By Pontus Plavén-Sigray, Granville J. Matheson, Zsolt Cselényi, Aurelija Jučaite, Lars Farde, Simon Cervenka

Posted 11 Apr 2018
bioRxiv DOI: 10.1101/298992 (published DOI: 10.1186/s13550-018-0455-8)

Background: The positron emission tomography radioligand (R)-[11C]PK11195 can be used to quantify the expression of translocator protein (TSPO), which is considered a marker for activation of glial cells. TSPO is expressed throughout the brain, and for this reason no true reference region exists. When a radioligand does not have a reference region, an arterial input function (AIF) is usually required in order to quantify binding. However, obtaining an AIF can be difficult as well as uncomfortable for participants.

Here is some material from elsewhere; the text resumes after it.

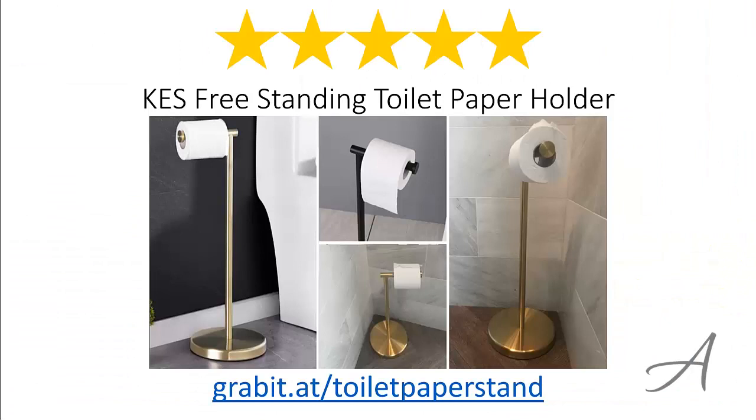So there you have it — the KES Freestanding Toilet Paper Holder. Considering its ease of use, the quality of the material, and its overall functionality, we feel that this toilet paper holder is the most valuable for money.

Alternative methods have therefore been proposed with the aim of estimating (R)-[11C]PK11195 binding without arterial measurements, such as standardized uptake values (SUVs), supervised-cluster analysis (SVCA), or the use of a pseudo-reference region. The objective of this study was to evaluate the test-retest reliability and convergent validity of these techniques. Methods: Data from a previously published (R)-[11C]PK11195 test-retest study in six healthy male subjects were reanalysed. Non-displaceable binding potential (BPND) was calculated for a set of cortical and subcortical brain regions using the simplified reference tissue model, with either cerebellum as reference region or a reference input derived using SVCA. SUVs were estimated for the time interval of 40-60 minutes. For comparison, total distribution volume (VT), specific distribution volume (VS) and BPND were estimated from the two-tissue-compartment model (2TCM) using AIF. Test-retest reliability was then assessed for all outcome measures. Convergent validity was examined by correlating all measures derived without an AIF to those derived using 2TCM. Results: Test-retest reliability for BPND estimates were poor (80% of all regional ICCs<0.5). SUVs showed, on average, moderate reliability. BPND estimates derived without an AIF were not correlated with VT, VS or BPND from the 2TCM (all R2<12%). SUVs were not correlated with any other outcome (all R2<9%). Discussion: BPND estimated using cerebellum or SVCA as reference input showed poor reliability and little to no convergent validity with outcomes derived using an AIF. SUVs showed moderate reliability but no convergent validity with any other outcome. Caution is warranted for interpreting patient-control comparisons employing (R)-[11C]PK11195 outcome measures obtained without an AIF.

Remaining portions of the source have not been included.